→ **How to complete this task**
Restate word for word the lines below that run from the one holding "Citroën C4 Spacetourer" through the one holding "View MG Hector", inclusive. Pictures don't belong in the copy.

→ **Data shown**
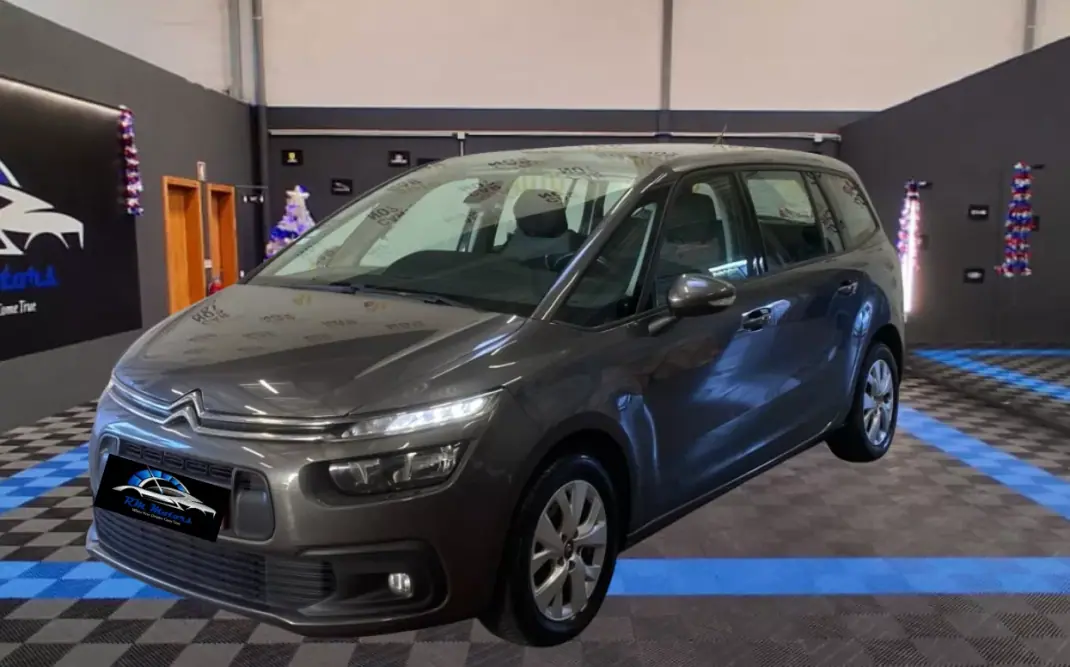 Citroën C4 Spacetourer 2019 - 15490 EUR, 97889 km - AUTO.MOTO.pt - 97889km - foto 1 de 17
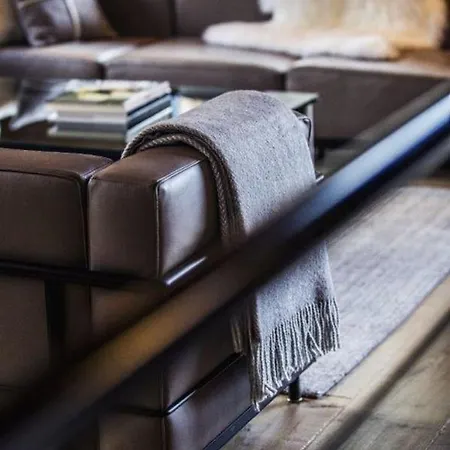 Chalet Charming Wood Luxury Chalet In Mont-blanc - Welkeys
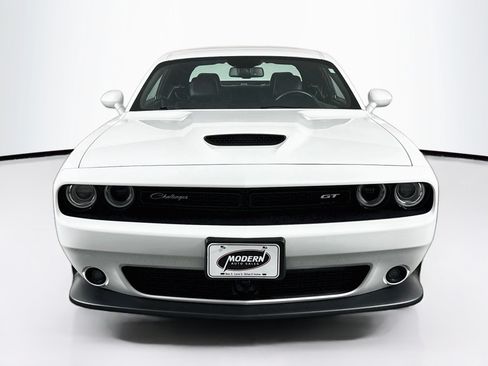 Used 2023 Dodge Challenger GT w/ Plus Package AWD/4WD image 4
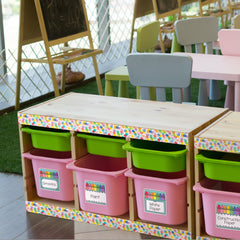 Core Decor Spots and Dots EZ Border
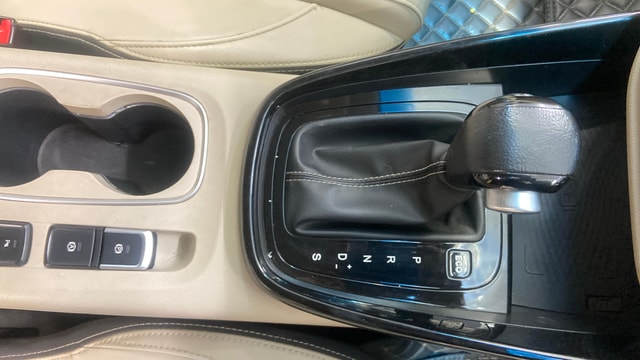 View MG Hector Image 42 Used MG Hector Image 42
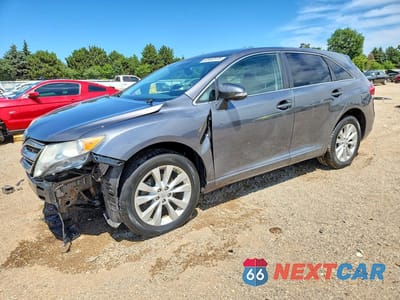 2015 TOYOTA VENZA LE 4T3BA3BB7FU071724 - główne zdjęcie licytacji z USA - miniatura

...

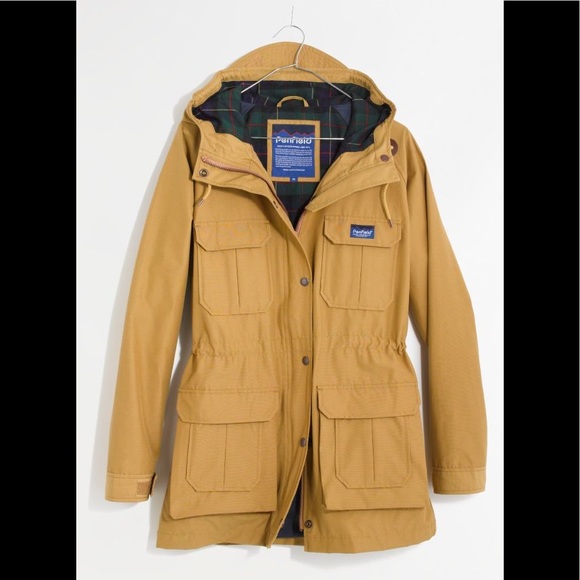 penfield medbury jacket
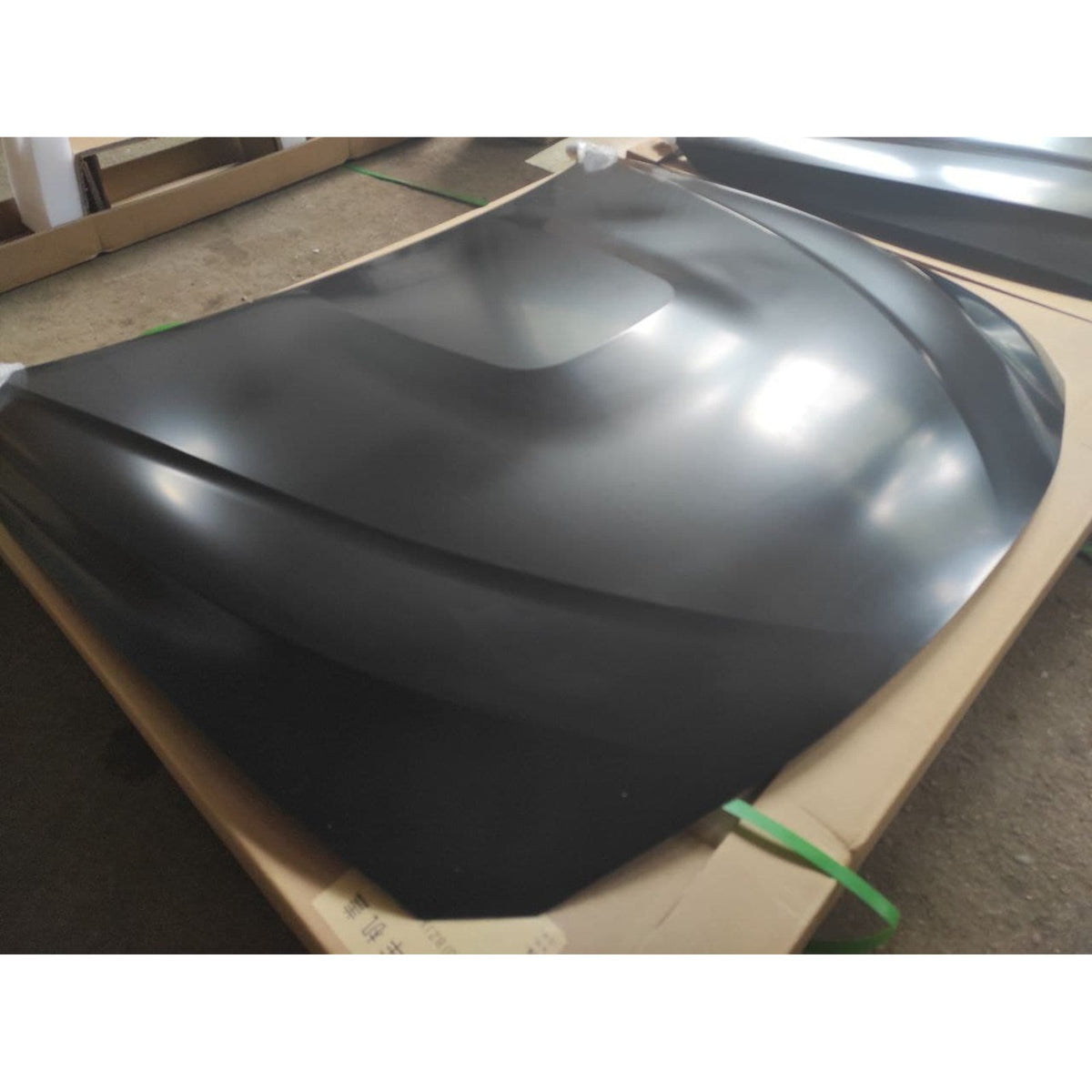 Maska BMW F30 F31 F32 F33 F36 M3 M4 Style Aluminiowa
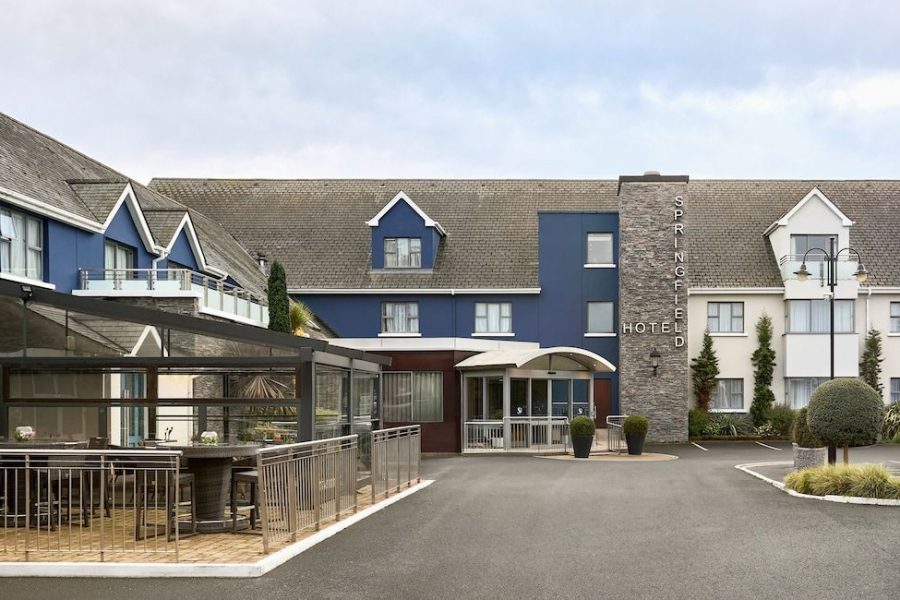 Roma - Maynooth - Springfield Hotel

→ **Written reply**
 Citroën C4 Spacetourer 2019 - 15490 EUR, 97889 km - AUTO.MOTO.pt - 97889km - foto 1 de 17
 Chalet Charming Wood Luxury Chalet In Mont-blanc - Welkeys
 Used 2023 Dodge Challenger GT w/ Plus Package AWD/4WD image 4
 Core Decor Spots and Dots EZ Border
 View MG Hector Image 42 Used MG Hector Image 42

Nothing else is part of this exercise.